**Exercise:**
The required answer is an exact copy of every entry underneath.

Short web captions:
————
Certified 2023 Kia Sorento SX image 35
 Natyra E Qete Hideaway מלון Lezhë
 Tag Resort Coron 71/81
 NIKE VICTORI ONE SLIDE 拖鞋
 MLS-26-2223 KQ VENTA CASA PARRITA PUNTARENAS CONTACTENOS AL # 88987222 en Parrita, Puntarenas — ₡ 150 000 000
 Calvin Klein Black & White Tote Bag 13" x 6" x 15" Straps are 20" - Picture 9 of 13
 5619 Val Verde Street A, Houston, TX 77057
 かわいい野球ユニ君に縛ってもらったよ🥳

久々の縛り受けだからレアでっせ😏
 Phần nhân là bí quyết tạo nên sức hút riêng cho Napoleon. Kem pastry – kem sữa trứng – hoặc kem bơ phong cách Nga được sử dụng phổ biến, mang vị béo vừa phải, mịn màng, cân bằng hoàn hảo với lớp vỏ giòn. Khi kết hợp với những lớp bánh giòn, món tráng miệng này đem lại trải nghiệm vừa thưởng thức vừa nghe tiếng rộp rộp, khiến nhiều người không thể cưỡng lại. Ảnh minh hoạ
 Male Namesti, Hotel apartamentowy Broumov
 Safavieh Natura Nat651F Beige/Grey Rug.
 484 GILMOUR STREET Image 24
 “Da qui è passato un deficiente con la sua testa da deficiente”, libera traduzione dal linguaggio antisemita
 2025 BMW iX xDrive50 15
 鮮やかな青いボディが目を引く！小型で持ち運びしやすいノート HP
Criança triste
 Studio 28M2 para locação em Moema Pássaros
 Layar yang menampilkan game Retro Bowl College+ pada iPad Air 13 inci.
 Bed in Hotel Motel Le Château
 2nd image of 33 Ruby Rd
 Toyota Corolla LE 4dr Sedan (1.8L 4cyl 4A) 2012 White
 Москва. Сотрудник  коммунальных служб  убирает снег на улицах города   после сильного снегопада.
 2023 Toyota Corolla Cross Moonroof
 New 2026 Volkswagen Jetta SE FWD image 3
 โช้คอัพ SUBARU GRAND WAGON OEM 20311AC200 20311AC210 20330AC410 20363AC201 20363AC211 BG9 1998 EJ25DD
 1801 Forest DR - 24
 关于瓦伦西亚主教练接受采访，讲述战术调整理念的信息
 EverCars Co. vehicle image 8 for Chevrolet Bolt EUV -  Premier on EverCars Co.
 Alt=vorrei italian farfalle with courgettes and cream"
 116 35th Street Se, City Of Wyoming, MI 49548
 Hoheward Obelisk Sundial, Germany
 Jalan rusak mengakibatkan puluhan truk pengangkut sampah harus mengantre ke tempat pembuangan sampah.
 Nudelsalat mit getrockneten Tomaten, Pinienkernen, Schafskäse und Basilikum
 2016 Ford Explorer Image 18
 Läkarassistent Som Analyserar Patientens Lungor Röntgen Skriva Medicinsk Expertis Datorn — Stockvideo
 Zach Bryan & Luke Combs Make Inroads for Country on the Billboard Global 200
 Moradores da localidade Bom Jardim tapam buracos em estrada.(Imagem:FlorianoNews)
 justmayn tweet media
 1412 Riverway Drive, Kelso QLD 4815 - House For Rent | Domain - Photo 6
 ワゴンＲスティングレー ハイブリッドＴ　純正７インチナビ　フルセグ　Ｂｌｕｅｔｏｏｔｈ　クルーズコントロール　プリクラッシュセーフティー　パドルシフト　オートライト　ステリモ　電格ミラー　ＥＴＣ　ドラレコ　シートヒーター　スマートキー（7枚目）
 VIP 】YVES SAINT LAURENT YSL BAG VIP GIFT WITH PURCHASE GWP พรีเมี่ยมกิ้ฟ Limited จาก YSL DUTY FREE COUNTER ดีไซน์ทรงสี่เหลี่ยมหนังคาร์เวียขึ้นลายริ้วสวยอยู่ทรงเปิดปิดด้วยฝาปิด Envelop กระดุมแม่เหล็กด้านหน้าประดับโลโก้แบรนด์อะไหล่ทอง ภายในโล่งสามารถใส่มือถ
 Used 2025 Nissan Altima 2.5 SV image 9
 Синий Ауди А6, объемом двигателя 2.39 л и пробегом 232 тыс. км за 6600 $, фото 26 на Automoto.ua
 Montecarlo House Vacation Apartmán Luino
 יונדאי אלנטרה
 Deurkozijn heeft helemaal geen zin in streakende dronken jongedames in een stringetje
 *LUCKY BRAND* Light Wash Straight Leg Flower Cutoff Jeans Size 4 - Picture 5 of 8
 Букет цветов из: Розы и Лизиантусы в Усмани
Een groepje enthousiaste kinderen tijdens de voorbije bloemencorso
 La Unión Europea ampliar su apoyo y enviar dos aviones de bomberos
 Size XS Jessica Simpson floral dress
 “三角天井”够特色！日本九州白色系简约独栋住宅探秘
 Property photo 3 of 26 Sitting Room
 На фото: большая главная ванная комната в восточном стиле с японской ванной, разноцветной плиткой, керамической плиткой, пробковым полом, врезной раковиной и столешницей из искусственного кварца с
————
**Reply:**
Certified 2023 Kia Sorento SX image 35
 Natyra E Qete Hideaway מלון Lezhë
 Tag Resort Coron 71/81
 NIKE VICTORI ONE SLIDE 拖鞋
 MLS-26-2223 KQ VENTA CASA PARRITA PUNTARENAS CONTACTENOS AL # 88987222 en Parrita, Puntarenas — ₡ 150 000 000
 Calvin Klein Black & White Tote Bag 13" x 6" x 15" Straps are 20" - Picture 9 of 13
 5619 Val Verde Street A, Houston, TX 77057
 かわいい野球ユニ君に縛ってもらったよ🥳

久々の縛り受けだからレアでっせ😏
 Phần nhân là bí quyết tạo nên sức hút riêng cho Napoleon. Kem pastry – kem sữa trứng – hoặc kem bơ phong cách Nga được sử dụng phổ biến, mang vị béo vừa phải, mịn màng, cân bằng hoàn hảo với lớp vỏ giòn. Khi kết hợp với những lớp bánh giòn, món tráng miệng này đem lại trải nghiệm vừa thưởng thức vừa nghe tiếng rộp rộp, khiến nhiều người không thể cưỡng lại. Ảnh minh hoạ
 Male Namesti, Hotel apartamentowy Broumov
 Safavieh Natura Nat651F Beige/Grey Rug.
 484 GILMOUR STREET Image 24
 “Da qui è passato un deficiente con la sua testa da deficiente”, libera traduzione dal linguaggio antisemita
 2025 BMW iX xDrive50 15
 鮮やかな青いボディが目を引く！小型で持ち運びしやすいノート HP
Criança triste
 Studio 28M2 para locação em Moema Pássaros
 Layar yang menampilkan game Retro Bowl College+ pada iPad Air 13 inci.
 Bed in Hotel Motel Le Château
 2nd image of 33 Ruby Rd
 Toyota Corolla LE 4dr Sedan (1.8L 4cyl 4A) 2012 White
 Москва. Сотрудник  коммунальных служб  убирает снег на улицах города   после сильного снегопада.
 2023 Toyota Corolla Cross Moonroof
 New 2026 Volkswagen Jetta SE FWD image 3
 โช้คอัพ SUBARU GRAND WAGON OEM 20311AC200 20311AC210 20330AC410 20363AC201 20363AC211 BG9 1998 EJ25DD
 1801 Forest DR - 24
 关于瓦伦西亚主教练接受采访，讲述战术调整理念的信息
 EverCars Co. vehicle image 8 for Chevrolet Bolt EUV -  Premier on EverCars Co.
 Alt=vorrei italian farfalle with courgettes and cream"
 116 35th Street Se, City Of Wyoming, MI 49548
 Hoheward Obelisk Sundial, Germany
 Jalan rusak mengakibatkan puluhan truk pengangkut sampah harus mengantre ke tempat pembuangan sampah.
 Nudelsalat mit getrockneten Tomaten, Pinienkernen, Schafskäse und Basilikum
 2016 Ford Explorer Image 18
 Läkarassistent Som Analyserar Patientens Lungor Röntgen Skriva Medicinsk Expertis Datorn — Stockvideo
 Zach Bryan & Luke Combs Make Inroads for Country on the Billboard Global 200
 Moradores da localidade Bom Jardim tapam buracos em estrada.(Imagem:FlorianoNews)
 justmayn tweet media
 1412 Riverway Drive, Kelso QLD 4815 - House For Rent | Domain - Photo 6
 ワゴンＲスティングレー ハイブリッドＴ　純正７インチナビ　フルセグ　Ｂｌｕｅｔｏｏｔｈ　クルーズコントロール　プリクラッシュセーフティー　パドルシフト　オートライト　ステリモ　電格ミラー　ＥＴＣ　ドラレコ　シートヒーター　スマートキー（7枚目）
 VIP 】YVES SAINT LAURENT YSL BAG VIP GIFT WITH PURCHASE GWP พรีเมี่ยมกิ้ฟ Limited จาก YSL DUTY FREE COUNTER ดีไซน์ทรงสี่เหลี่ยมหนังคาร์เวียขึ้นลายริ้วสวยอยู่ทรงเปิดปิดด้วยฝาปิด Envelop กระดุมแม่เหล็กด้านหน้าประดับโลโก้แบรนด์อะไหล่ทอง ภายในโล่งสามารถใส่มือถ
 Used 2025 Nissan Altima 2.5 SV image 9
 Синий Ауди А6, объемом двигателя 2.39 л и пробегом 232 тыс. км за 6600 $, фото 26 на Automoto.ua
 Montecarlo House Vacation Apartmán Luino
 יונדאי אלנטרה
 Deurkozijn heeft helemaal geen zin in streakende dronken jongedames in een stringetje
 *LUCKY BRAND* Light Wash Straight Leg Flower Cutoff Jeans Size 4 - Picture 5 of 8
 Букет цветов из: Розы и Лизиантусы в Усмани
Een groepje enthousiaste kinderen tijdens de voorbije bloemencorso
 La Unión Europea ampliar su apoyo y enviar dos aviones de bomberos
 Size XS Jessica Simpson floral dress
 “三角天井”够特色！日本九州白色系简约独栋住宅探秘
 Property photo 3 of 26 Sitting Room
 На фото: большая главная ванная комната в восточном стиле с японской ванной, разноцветной плиткой, керамической плиткой, пробковым полом, врезной раковиной и столешницей из искусственного кварца с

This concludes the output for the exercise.